Review: KEF’s LS50 Meta upgrades an audiophile fave to near-perfection

It’s pretty much impossible to navigate an audiophile forum without somebody mentioning KEF’s LS50 speakers within a few pages. Created in 2012 to celebrate the 50th anniversary of another classic by the venerable audio company, the LS3/5a, the LS50 went on to receive rave reviews by media and users alike. The speaker’s coincident ‘Uni-Q’ driver — in which the tweeter and woofer project sound from the same physical point in space — has become iconic.

But if I’m being honest, I never really loved them. They were definitely good speakers, and I did love the wireless version which used built-in digital signal processing to refine the sound, but the original LS50 always struck me as a little harsh and bright.

The new LS50 Meta fixes all that. It is a remarkable little speaker that delivers some of the best performance I’ve seen for a speaker in this price range without DSP. And mercifully, KEF kept the same $1,500 price as its predecessor — expensive for your average person, but very reasonable in the world of audiophilia.

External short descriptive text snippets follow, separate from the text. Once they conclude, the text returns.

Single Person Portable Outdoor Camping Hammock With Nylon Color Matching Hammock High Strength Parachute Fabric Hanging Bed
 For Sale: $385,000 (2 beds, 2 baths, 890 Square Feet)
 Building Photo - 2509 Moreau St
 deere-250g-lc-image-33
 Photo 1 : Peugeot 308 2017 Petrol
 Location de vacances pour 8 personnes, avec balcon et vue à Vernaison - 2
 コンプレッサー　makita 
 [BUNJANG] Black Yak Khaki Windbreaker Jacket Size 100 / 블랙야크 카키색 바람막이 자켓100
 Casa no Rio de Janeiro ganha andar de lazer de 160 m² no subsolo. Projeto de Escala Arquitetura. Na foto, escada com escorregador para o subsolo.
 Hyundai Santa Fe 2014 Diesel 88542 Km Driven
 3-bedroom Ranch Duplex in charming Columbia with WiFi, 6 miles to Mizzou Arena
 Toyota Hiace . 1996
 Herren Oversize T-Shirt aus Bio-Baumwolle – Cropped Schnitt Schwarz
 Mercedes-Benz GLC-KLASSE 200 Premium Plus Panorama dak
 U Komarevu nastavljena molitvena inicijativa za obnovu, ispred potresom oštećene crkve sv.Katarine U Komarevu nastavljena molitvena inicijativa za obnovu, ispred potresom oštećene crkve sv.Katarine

While it looks nearly identical to its predecessor, the LS50 Meta is completely redesigned on the inside, with changes to the cabinet design, port, drivers, and crossover. The most significant change — or the most marketable one, at least — is the use of a new “metamaterial” that sits behind the Uni-Q unit to absorb the rear radiation of the driver that has the potential to muddy the sound.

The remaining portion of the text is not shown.